Neredeyse herkesin ortak görüşü Müslüman Kardeşlerin neo-liberal politikalar izlediği ve ABD yanlısı olduğu şeklindeydi. ABD neden darbeyi destekledi? Olayı darbe olarak adlandırmayarak Mısır’a yapılacak ekonomik yardımın önü açıldı ve söz verilen askeri bombardıman uçakları hemen nasıl teslim edildi? Müslüman Kardeşlerin ipi aslında tam olarak ne zaman ve neden çekilmişti? Darbenin birkaç gün sonrası Esad ile ilişkilerini yeniden kuran ve Esad tarafından canı gönülden kutlanan Ordu nasıl oluyor da İsrail tarafından da destekleniyor? Müslüman Kardeşlere bin kere rahmet okutacak kadar katı İslami görüşüyle bilinen ve Suudi Arabistan destekli Selefi Nur partisi nasıl oluyor da darbenin yanında yer alıyor? Müslüman Kardeşleri Mısır’ı şeriata götürüyor diye suçlayan kesimler yeni anayasanın ve hükümetin oluşmasında en etkin konumlardan birine sahip olan Selefilerin durumunu nasıl açıklayabiliyor? Milyonlarca insan sokağa dökülmüşse o iktidarın meşruiyeti elbette tartışılır ama Adeviye Meydanına toplanan milyonlarca insan Mısır halkı değil mi?
Bu sorular karşısında spekülatif yaklaşımları bırakıp olgusal cevaplar aramamız gerekiyor. Kolaycılığa kaçarak verilen cevaplar ve olgulardan yoksun soyut siyasi yaklaşımlarla Mısır’da neler olup bittiğini anlamak zor görünüyor. Orada bambaşka ve çok boyutlu bir süreç yaşanıyor. Müslüman Kardeşlerle veya direnişçilerle özdeşleşip sadece bir tarafın argümanlarıyla olayı değerlendirmek bize bir şey katmıyor.

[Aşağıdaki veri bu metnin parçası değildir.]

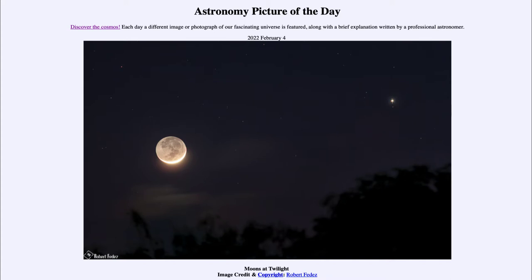It is titled 'Moons at Twilight.' We actually see five moons in this image. Most obvious is our own moon out to the left — Earth's large natural satellite and one of the larger moons within the solar system.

Türkiye’den bakıldığında ise yaşanan darbenin pek çok çevre tarafından devrim olarak görülmesi Türkiye siyaseti açısından oldukça düşündürücü bazı tartışmaları yeniden gündemleştirmeyi gerektiriyor. Mübarek döneminin en pespaye kalıntılarından biri olan Ordunun yaptığı darbeyi bile darbe olarak niteleyemeyen bir sol anlayışla ve siyasetle Türkiye’nin nasıl daha özgür bir ülke olma yolunda ilerleyebileceğini de iyi düşünmek gerekiyor.